Keywords: reflection, pedagogical reflection, reflective abilities, reflective competence, professional development, self-regulation, foreign language teacher, reflective culture, pedagogical design.
Pedagogical reflection is an important condition for the teacher’s professional growth. In the process of reflection, the teacher makes sense of the accumulated experience, draws conclusions, and plans further directions of activity. It promotes more flexible planning of the educational process, taking into account the real communicative needs and psychological characteristics of students, transferring interaction from the subject–object level to the subject–subject level. The reflexive nature of pedagogical activity is manifested in the fact that, while organising the activities of students, the teacher simultaneously evaluates their own actions, as it were, from the students’ position [1, p. 71].
The teacher’s reflection as a process of self-knowledge includes: the «feeling of the object», which causes the greatest emotional response in students; the «sense of measure or tact» regarding changes in persons under the teacher’s influence; the «sense of involvement», expressed in sensitivity to the advantages and disadvantages of one’s own activity [1, p. 71]. Prospective reflection on the needs of students allows the teacher to formulate realistically achievable learning goals and select content in accordance with those goals and the level of language training of students.

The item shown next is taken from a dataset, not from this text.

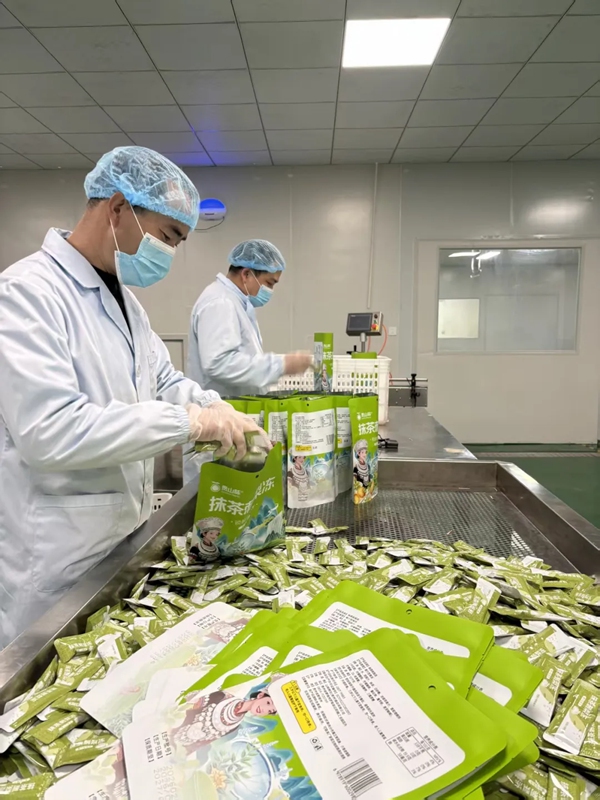 1.生產線上復工忙。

Reflective ability means the ability of a subject to reflect on various types and areas of one’s own activity — in other words, to impart the quality of reflexivity to any process and functional structure (Voityk, Semenov). E.S. Mykhaylova distinguishes two components of pedagogical ability: reflective and communicative. Reflective abilities are understood as a system of properties at different levels of integral individuality — reflective processes, style, reflective-management skills, and personal decentration — which ensures high performance results.
The key components of reflective pedagogical ability include: representation of past, present, and future through the self-image; expansiveness in professional–pedagogical qualities; openness and activity of the self-image; efficiency and accuracy of reflective style; and the capacity for personal decentration [3]. The development of reflective ability occurs at all stages of self-regulation, during which thinking and activity change, and the intellectual, emotional, and volitional aspects of the personality constantly develop.
Reflective competence is a professional quality that allows the most effective and adequate implementation of reflective processes, ensuring the process of development and self-development, promoting a creative approach to professional activity, and achieving maximum efficiency. The formation of reflective skills is ascertained at the following levels: (1) nominative — description replaces interpretation; (2) «fatal» — purely external interpretation; (3) «distorted» — denial of alternative interpretations; (4) «looped» — monotonous interpersonal reflection; (5) passive-adequate — accurate self-knowledge that does not lead to change; (6) constructive — harmonious self- and others-directed reflection giving rise to creative self-realisation [6].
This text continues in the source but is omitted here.